I stalk the sound, hunkered low and crouched over. I’m tiptoeing across the desert, approaching the sound so cautiously, and am frustrated when, as I draw near to the rock from beneath which I think the sound is emanating, the calling stops.
Now the song comes from another location in the desert—from beneath another rock—a nation of toads beneath hundreds of rocks, communicating with one another, luring me off the trail whenever I draw too near to one of their number—and I pivot and begin sneaking toward that unseen caller, only to have that one, also, fall silent as I draw nearer to the source.
For 30 minutes, in that rising sun, I crouch and sneak across the stony hardpan, as if following some maddened choreography of evasion. And although the calling locations are multiple, there is never more than one caller at a time, so that it seems to me that all the frogs are taunting me with their calculated silences, before calling again, after I have passed by.
Exasperated, I straighten up and stretch my back and scan the desert, which is now golden rather than red. The day is getting away already, the temperature is beginning to click upward—the dampness of the day’s first perspiration trickles down my lower back—and I see that from the tent, Felix, dressed in his khaki shorts, roomy khaki shirt, and broad-brimmed hat, is sipping coffee and watching me with equal parts of concern and puzzlement.
I wander over to where he’s standing and explain to him about the toads. His brow crinkles, and he actually takes a step back from me. I suppose he sees all kinds of people out here, and I can see him trying to evaluate me for the coming day’s journey, assessing the problematic nature of me riding in the midst of his clients, his responsibilities.
“Did you see any toads?” he asks cautiously, politely.

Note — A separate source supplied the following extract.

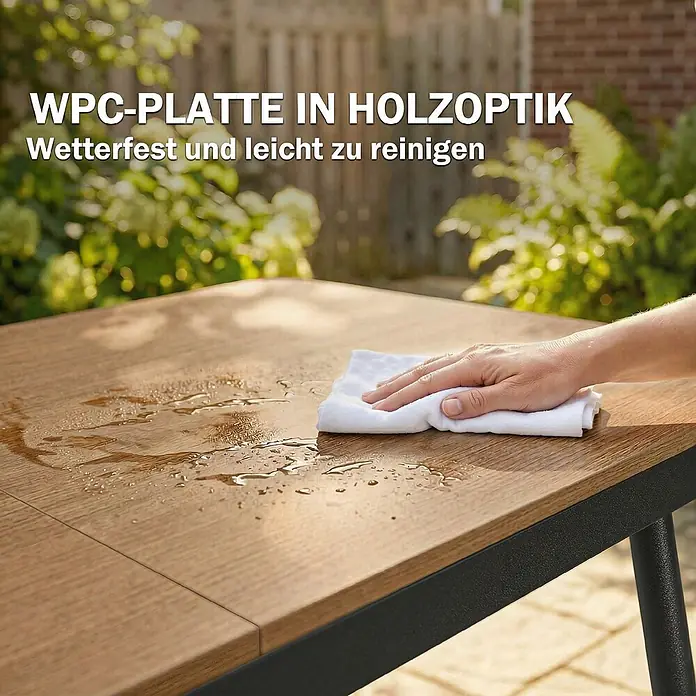 Outsunny Gartentisch - L x B x H: 140 x 80 x 75 cm - WPC-Tischplatte in Holzoptik, Wasser wird abgewischt, demonstriert wetterfeste und pflegeleichte Oberfläche.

“No,” I tell him, “every time I got close, they got quiet.” And though the toads have fallen largely silent, as I had feared they would, as the day warms (why did they not call in the night, I wonder?), the call does begin once more. Felix shakes his head. “I’ve never seen any frogs or toads in the desert,” he says. “I don’t think they’re out there.”
“That sound,” I say, gesticulating toward the horizon. “Is it coming from beneath the ground? Isn’t that a frog, or a toad?”
Felix gives me the Is-this-American-tripping? stare once more, then breaks into a broad grin. “Those are cory bustards,” he says gently, and points toward a lone mopane tree that stands a good two hundred or more yards away—easily three or four times beyond where I had been turning over stones, searching for toads.
In the lozenge of shade beneath the tree, there is a small flock of bustards, looking at this distance like guineas, scuttling back and forth and pecking at insects beneath the dry curls of last year’s leaves. At first I think he is teasing me—how could any sound carry that far with such crystalline frog-croaking clarity, for me to believe it was coming from only a few feet away?—but then I remember quickly, Africa, and I say something lame like, “Gee, they sure sound like toads.”
As delighted by my being fooled as he is relieved that his day’s duty will not include the ferrying of a troublemaker, Felix hands me the heavy-duty industrial desert-strength guide’s binoculars hanging on his chest, and through oculars with roughly the magnifying power of twin telescopes, the feather of each bustard leaps into variegated clarity. Their eyes gleam and burn with the rising sun, looking back at me across that distance, probably with equal clarity.
I mumble some excuse to Felix about needing to prepare for the day—he nods, and gives me the grace of glancing at his wristwatch as if to agree that yes, that would be a good idea—and as I hurry down the boardwalk, still feeling the heat of my blush in the cool of morning, I know without a doubt that I have become part of future camp lore, the kind of story the folks in camp will tell to other newcomers such as myself, after I am gone. Toadhunter. Frog-Searcher. He was out there before daylight, they’ll tell their dinner guests. It was the sound of rocks being overturned that awakened me. It was a hell of a racket. I looked out my tent and saw him out there in the middle of the desert on his hands and knees, digging, looking for toads…
My mild humiliation was well worth it. For a morning again, anything was possible. Of the world I inhabited, anything was possible. I could believe anything. I knew nothing. I felt the sweet solace of being returned to my natural state.